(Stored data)
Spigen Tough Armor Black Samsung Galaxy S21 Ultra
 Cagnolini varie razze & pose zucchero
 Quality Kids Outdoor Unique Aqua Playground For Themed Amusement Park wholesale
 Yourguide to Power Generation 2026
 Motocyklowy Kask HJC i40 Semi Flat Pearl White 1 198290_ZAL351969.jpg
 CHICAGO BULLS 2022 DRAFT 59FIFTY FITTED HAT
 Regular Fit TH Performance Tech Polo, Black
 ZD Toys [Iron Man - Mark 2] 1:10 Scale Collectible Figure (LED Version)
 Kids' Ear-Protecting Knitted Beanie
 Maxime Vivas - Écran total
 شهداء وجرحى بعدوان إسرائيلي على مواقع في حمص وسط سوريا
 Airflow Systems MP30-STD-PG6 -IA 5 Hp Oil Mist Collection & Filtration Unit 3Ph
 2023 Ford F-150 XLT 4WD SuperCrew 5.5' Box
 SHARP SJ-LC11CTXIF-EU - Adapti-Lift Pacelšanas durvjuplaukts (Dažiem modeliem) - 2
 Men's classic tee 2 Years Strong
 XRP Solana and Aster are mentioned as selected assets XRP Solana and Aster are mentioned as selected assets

Aim of the exercise: Starting with the line that contains "Kids' Ear-Protecting Knitted Beanie", return each line through the last one of the data above, exactly as written and nothing more.

Response:
 Kids' Ear-Protecting Knitted Beanie
 Maxime Vivas - Écran total
 شهداء وجرحى بعدوان إسرائيلي على مواقع في حمص وسط سوريا
 Airflow Systems MP30-STD-PG6 -IA 5 Hp Oil Mist Collection & Filtration Unit 3Ph
 2023 Ford F-150 XLT 4WD SuperCrew 5.5' Box
 SHARP SJ-LC11CTXIF-EU - Adapti-Lift Pacelšanas durvjuplaukts (Dažiem modeliem) - 2
 Men's classic tee 2 Years Strong
 XRP Solana and Aster are mentioned as selected assets XRP Solana and Aster are mentioned as selected assets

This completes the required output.